Keep only the lines of the data below that contain "color", and copy them.

#### THE RECORDS

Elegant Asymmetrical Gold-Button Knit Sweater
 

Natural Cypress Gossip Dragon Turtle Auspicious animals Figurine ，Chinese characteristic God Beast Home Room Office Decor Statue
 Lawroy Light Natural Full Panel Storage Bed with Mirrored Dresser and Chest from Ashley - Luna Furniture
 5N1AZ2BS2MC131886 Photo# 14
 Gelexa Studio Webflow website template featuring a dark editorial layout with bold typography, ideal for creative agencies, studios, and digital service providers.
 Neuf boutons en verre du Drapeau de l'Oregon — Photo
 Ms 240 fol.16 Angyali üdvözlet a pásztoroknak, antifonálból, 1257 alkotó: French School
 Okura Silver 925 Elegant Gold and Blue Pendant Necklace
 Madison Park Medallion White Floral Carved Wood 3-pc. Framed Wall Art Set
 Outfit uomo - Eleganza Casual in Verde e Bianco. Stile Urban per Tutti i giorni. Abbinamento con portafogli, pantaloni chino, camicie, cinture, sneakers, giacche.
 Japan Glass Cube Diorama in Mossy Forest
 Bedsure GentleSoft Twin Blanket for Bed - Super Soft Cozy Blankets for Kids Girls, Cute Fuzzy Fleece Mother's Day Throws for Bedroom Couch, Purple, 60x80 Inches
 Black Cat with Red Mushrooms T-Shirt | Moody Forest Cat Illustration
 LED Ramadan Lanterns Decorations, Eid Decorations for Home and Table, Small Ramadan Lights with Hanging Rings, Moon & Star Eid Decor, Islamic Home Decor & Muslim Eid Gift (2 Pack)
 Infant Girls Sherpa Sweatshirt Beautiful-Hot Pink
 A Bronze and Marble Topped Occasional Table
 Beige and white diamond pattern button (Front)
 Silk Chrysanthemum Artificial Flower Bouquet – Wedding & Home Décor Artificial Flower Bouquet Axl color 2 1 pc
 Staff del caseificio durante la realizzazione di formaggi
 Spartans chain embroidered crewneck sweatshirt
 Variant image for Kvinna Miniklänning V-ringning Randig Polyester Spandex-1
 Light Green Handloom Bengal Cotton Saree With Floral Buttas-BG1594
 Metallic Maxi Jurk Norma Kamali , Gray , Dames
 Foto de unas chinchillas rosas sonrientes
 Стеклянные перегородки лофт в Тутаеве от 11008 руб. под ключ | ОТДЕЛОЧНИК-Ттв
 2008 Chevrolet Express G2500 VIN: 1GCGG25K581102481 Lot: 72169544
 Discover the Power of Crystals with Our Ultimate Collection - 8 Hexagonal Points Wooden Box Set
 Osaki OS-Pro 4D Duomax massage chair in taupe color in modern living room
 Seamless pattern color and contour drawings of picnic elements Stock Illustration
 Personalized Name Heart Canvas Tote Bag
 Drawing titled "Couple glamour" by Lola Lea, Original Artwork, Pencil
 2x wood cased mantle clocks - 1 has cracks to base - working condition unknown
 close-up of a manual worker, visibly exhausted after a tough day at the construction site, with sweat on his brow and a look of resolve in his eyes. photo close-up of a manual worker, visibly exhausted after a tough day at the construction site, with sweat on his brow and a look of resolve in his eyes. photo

########

[ANSWER TO THIS TASK]:
 Silk Chrysanthemum Artificial Flower Bouquet – Wedding & Home Décor Artificial Flower Bouquet Axl color 2 1 pc
 Osaki OS-Pro 4D Duomax massage chair in taupe color in modern living room
 Seamless pattern color and contour drawings of picnic elements Stock Illustration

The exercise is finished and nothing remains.